Hace unos tres años comencé una preciosa relación por email (qué nostalgia de la palabra epistolar) con Mercedes Rico, a la que había conocido cuando era diplomática en activo. Busco el origen de nuestro intercambio de estos últimos años y veo que fue ella quien me contactó para agradecerme un artículo sobre el libro de Azaña que escribió su madre, la periodista Josefina Carabias, publicado por Plaza & Janés en 1981 y descatalogado tras la primera edición: quiso la mala suerte que Carabias muriera de un infarto antes de verlo en librerías y en su mezquina difusión intervino el escaso interés que en los gaseosos ochenta había por los cronistas de aquellos años de la República y la guerra.

Por fortuna, al entusiasmo de la hija por la obra de su madre y a mi empeño porque esa penetrante crónica volviera a estar disponible se sumó la voluntad de la editora Elena Ramírez de publicarlo, y ahí tenemos de nuevo Azaña, los que lo llamábamos don Manuel llegando a las manos de no pocos lectores que descubren la prosa limpia, sincera, chispeante de esta periodista ejemplar que conecta en fondo y forma con el nuevo periodismo español capitaneado por el que fuera su jefe, Chaves Nogales. Por cierto, que no hace mucho me escribió: “Veo que del libro de Belmonte de Chaves un listillo ha eliminado el epílogo de mi madre”.

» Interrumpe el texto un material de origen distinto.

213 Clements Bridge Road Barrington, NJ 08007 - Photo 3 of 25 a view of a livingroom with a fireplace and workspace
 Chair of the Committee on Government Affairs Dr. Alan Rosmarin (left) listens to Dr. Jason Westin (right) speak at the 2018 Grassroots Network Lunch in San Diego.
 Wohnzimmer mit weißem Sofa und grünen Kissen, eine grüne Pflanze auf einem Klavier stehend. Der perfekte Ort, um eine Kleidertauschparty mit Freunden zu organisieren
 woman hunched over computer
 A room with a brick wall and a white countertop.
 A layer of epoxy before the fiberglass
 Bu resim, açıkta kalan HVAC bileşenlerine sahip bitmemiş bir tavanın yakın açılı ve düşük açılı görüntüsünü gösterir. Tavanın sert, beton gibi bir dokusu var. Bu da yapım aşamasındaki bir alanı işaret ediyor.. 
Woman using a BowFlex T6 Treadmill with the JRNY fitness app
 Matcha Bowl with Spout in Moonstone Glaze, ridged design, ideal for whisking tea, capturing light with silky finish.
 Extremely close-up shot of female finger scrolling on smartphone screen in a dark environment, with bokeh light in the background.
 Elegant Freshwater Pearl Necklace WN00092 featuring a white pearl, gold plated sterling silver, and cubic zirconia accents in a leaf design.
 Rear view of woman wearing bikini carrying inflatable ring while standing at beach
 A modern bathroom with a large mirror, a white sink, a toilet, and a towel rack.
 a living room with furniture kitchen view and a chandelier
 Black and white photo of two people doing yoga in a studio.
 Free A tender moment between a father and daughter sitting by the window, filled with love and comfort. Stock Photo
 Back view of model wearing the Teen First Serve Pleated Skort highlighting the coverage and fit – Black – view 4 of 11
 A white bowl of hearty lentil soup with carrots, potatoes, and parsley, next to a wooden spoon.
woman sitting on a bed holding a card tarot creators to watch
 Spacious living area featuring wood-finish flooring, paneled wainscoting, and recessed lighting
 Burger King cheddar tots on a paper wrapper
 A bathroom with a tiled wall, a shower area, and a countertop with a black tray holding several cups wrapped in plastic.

Esta semana, Mercedes Rico, que tanto veló por la recuperación de la obra de su madre y la memoria de su hermana, Carmen Rico Godoy, ha muerto en casa y en paz, querida y cuidada. Nunca me pareció anciana, nunca lo fue. Era una mujer eternamente juvenil de 77 años. Lo que ahora echo de menos es que se pusiera a la tarea de narrar su propia vida, tan apasionante como la de las mujeres a las que quiso y admiró. Mercedes había heredado el coraje materno y fue la tercera española que accedió a la carrera diplomática tras levantarse el veto de Franco a las mujeres, y la primera, en el 85, en ostentar el cargo de embajadora. Como bien contaba López Aguilar en la necrológica, Mercedes sirvió con tesón, encanto y paciencia a esas ideas progresistas de pluralidad y tolerancia que heredó de sus padres, los cuales vieron frustrados sus sueños y condicionadas sus vidas por la dictadura.

Ella fue una infatigable batalladora por la ampliación de los derechos de las mujeres, en ocasiones lidiando con la oposición de la Iglesia católica y de una derecha que vaticinaba el fin de la familia. Lo más admirable de su personalidad era esa naturaleza llana, esa chispa, ese entusiasmo, que lo impregnaba todo de alegría, algo tan escaso estos tiempos de discursos tan afectados por el melodramatismo. En esa ironía nuestra conversación encontraba su tono perfecto: “¡Mi madre estará feliz, la puedo imaginar haciendo entrevistas a Dios!”. Fue la suya una amistad de última hora, que me ha dejado una gran huella: esa discreción en expresar los propios méritos, siendo muchos, esa manera atenta y curiosa de estar en la vida hasta el último aliento. Y así, quiere este artículo ser un mensaje más de los que nos intercambiamos. Tan solo para decirle que, si yo fuera creyente, me tranquilizaría pensando en su habilidad diplomática para convencer a Dios de que afloje un poco.